So there might be an article on this if you really get me going on this topic. But basically, there’s a couple things going on with War of the Ring that really push my buttons.
First, it’s lightly asymmetric. It’s not that The Shadow forces are fighting an entirely different kind of war from the Free Peoples, but the implications of their means and objectives go in very different directions. The Shadow forces are endless. Their losses go back into the bag to be re-drafted as replacements at the next levy. Meanwhile, every fallen Gondor or Elvish miniature is out of the game. You can’t make good those losses. On the other hand, the Shadow has to basically conquer the entire world, capturing a huge number of Free strongholds. Meanwhile, if the Free People can just storm a couple of Sauron’s citadels, it’s game over. You’re playing with the same sets of rules, but the strategic implications of those rules are massively different depending on who you play.

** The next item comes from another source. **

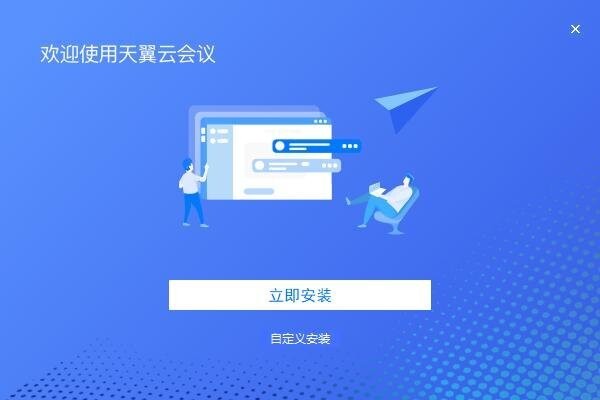 天翼云会议电脑客户端 天翼云会议电脑版下载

Second, you’ve also got a separate, almost orthogonal game happening within this conflict: the quest of the Fellowship. It can be a resource-sink for both sides, but it also exists as this kind of hail-mary, last-ditch victory route for the Free Peoples. It imposes this secondary constraint and consideration on every single turn. If the Shadow player just decides to play a little fantasy wargame, the Fellowship is going to materialize at Mt. Doom and it’s game over. A lot of times, the endgame can be a drag race between advancing Shadow armies and a final push from Sam and Frodo.
Third, the rules of the game are pretty simple, but they can also all be changed in a lot of interesting ways by cards and characters. Perfect example: I was pretty much laying waste to Rohan and Lorien by using Uruk-hai armies based out of Isengard in this one game. Except I didn’t realize that with Gandalf the White on the board, and with Saruman pretty much alone at Isengard, I’d met the preconditions for the Entmoot event card, which triggers a high-probability attack on Isengard that can take Saruman out of the game. So even though my campaign was following a different course than the books, the books sort of “came to life” and kicked the crap out of me as they did in Two Towers. Stuff like that can happen on every turn or in every battle. Heroes do heroic stuff. Magic is real. And all of it can bend the probabilities pretty far from the mean and spin the game into really surprising directions.
Fourth, this all works because I identify with the theme and the game executes it brilliantly. War of the Ring is not wearing a skin over a bare-bones tabletop game. Tolkien is kind of woven into every facet of the game. It takes all the story elements and events and recombines them as stuff that can happen and stuff that you have to factor into your strategic calculations. The first time you play it it’s a surprise how these elements come to life. The tenth time you play it it’s a game of Texas Hold 'Em where you’re wondering if the person across from you is sitting on the Phial of Galadriel for a final push toward Mount Doom.
War of the Ring understands that while we do want to see the Tree of Gondor emblazoned on the shields of Gondor infantry miniatures, a game becomes so much more if it has really interrogated what makes a theme compelling and what the fantasy is that we want to explore. Few games come close to achieving this so well.